Christopher Plummer is the oldest winner in any acting category; he was 82 when he won for the 2010 movie Beginners.

Sylvester Stallone is the only actor that has two Academy Award nominations for playing the same character, 39 years apart.

Cate Blanchett's Academy Award for playing Katherine Hepburn in The Aviator made her the only actor to win an Oscar for portraying another Oscar-winning actor

Steven Spielberg is the most thanked person in Oscar acceptance speeches. God is #6 just behind Peter Jackson.

Peter O'Toole was nominated for eight Academy Awards. He holds the record of having the most nominations for an acting Oscar without winning.

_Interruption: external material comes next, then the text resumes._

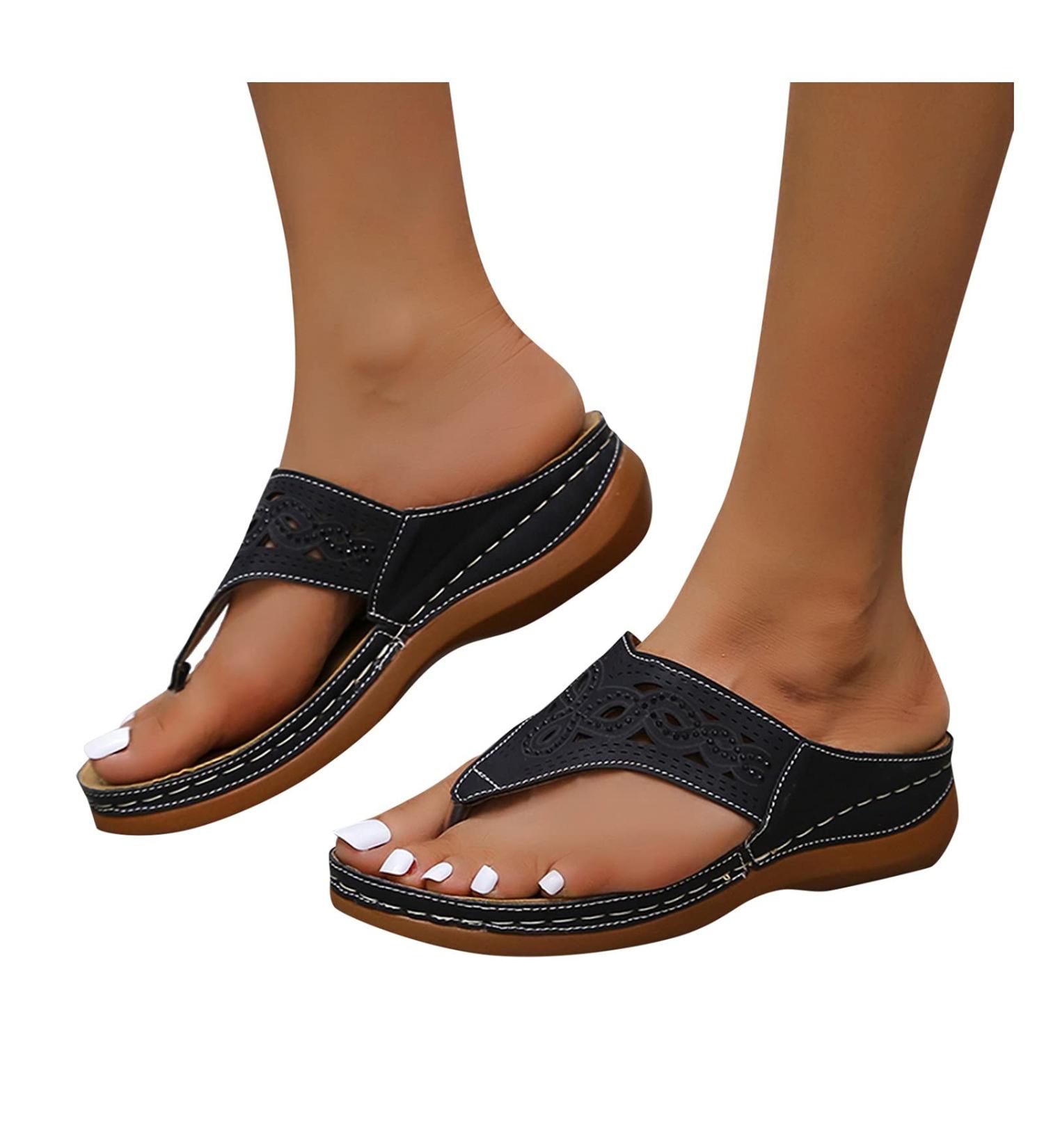 BIFUTON Women's Strappy Sandals with Arch Support | Orthopedic Flip Flops for Casual Walking | Size 10 3X-Narrow | Black - Buy Online on GoSupps.com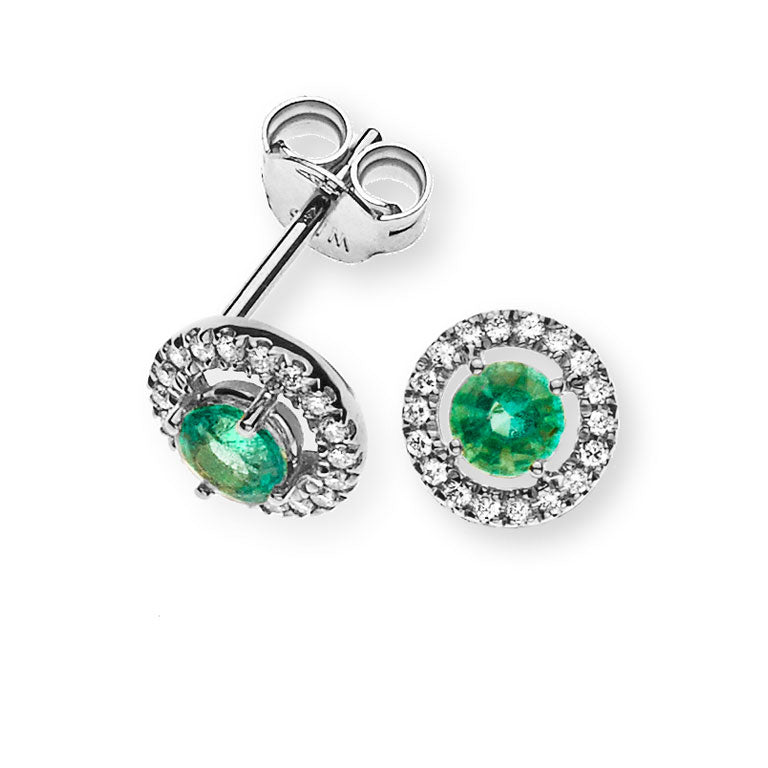 Ohrringe Weissgold 750 mit 2 Smaragde Total und je 36 Brillanten H SI Total 0.10ct.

Sound mixer Kevin O'Connell did hold the record for most Oscar nominations without a win: 20. He finally won for Hacksaw Ridge at the 2017 ceremony.

Matthew McConaughey turned down a whopping $15 million to play Magnum Pi in favor of less than $200,000 to star in Dallas Buyers Club. He was compensated with the 2014 Best Actor Oscar.

An Oscar trophy weighs 8.5 pounds and stands 13.5 inches tall. Clutching an Oscar feels like holding a gallon of milk.

One thing Academy Award winners can’t do is sell their statue for a profit. Since 1950, recipients have been required to sign an agreement promising that neither they nor their heirs will sell their statuette without first offering it back to the Academy for $1.

The actual Oscar award trophy is estimated to be worth about $150.

The model for the Oscar statuette is said to have been Mexican actor Emilio Fernandez.

Jack Nicholson is said to have used one of his Oscar trophies as a hat stand.